§ Assignment
Unless it is a picture, every line from the start of the entries through the line with "Universal Remote Control" must be retyped exactly.

Records for this exercise START

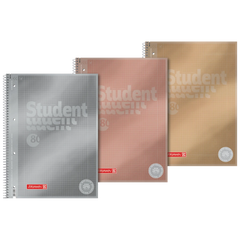 Collegeblock Premium Student Metallic | A4, Lineatur 28, 80 Blatt, sortiert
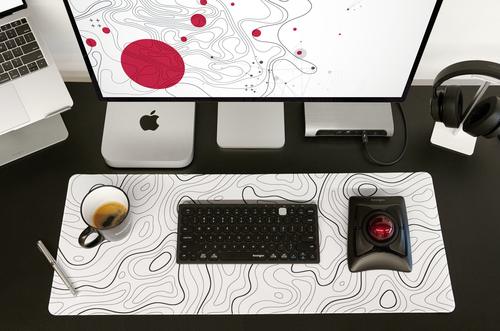 Kensington Expert Mouse Trackball - Bluetooth/Radio Frequency - USB - Optical - Black - Wireless - Trackball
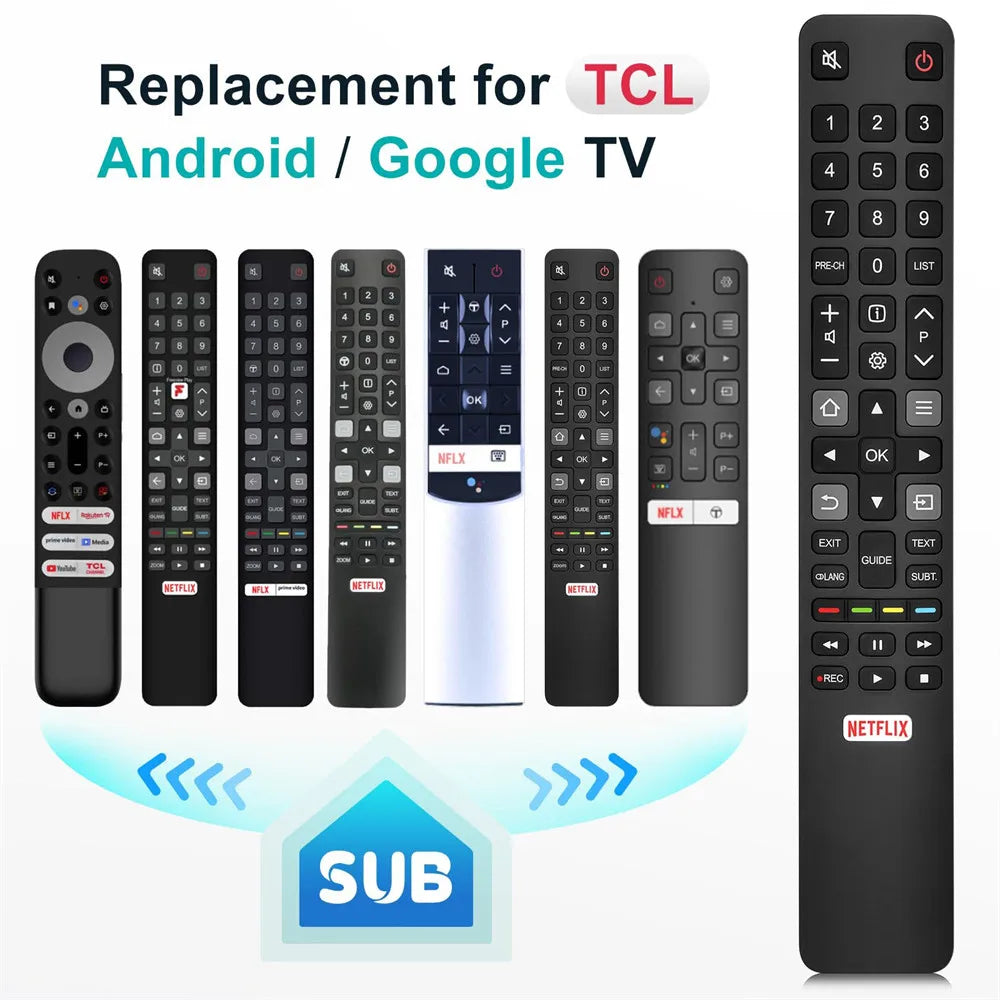 Universal Remote Control Replacement RC802N YAI2 for TCL Sma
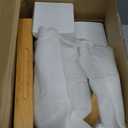 Sliner 9 Pcs Tea Set Glass Teapot, 33.8 oz Clear Glass Tea Kettle with Infuser 6 Pcs Insulated Cups Ceramic Teapot Warmer Wooden Bamboo Serving Tray(Delicate)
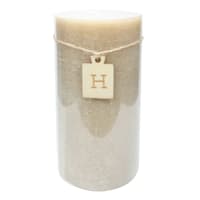 Honeybloom Tan Unscented Pillar Candle, 4x8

Records for this exercise END

§ Finished task
 Collegeblock Premium Student Metallic | A4, Lineatur 28, 80 Blatt, sortiert
 Kensington Expert Mouse Trackball - Bluetooth/Radio Frequency - USB - Optical - Black - Wireless - Trackball
 Universal Remote Control Replacement RC802N YAI2 for TCL Sma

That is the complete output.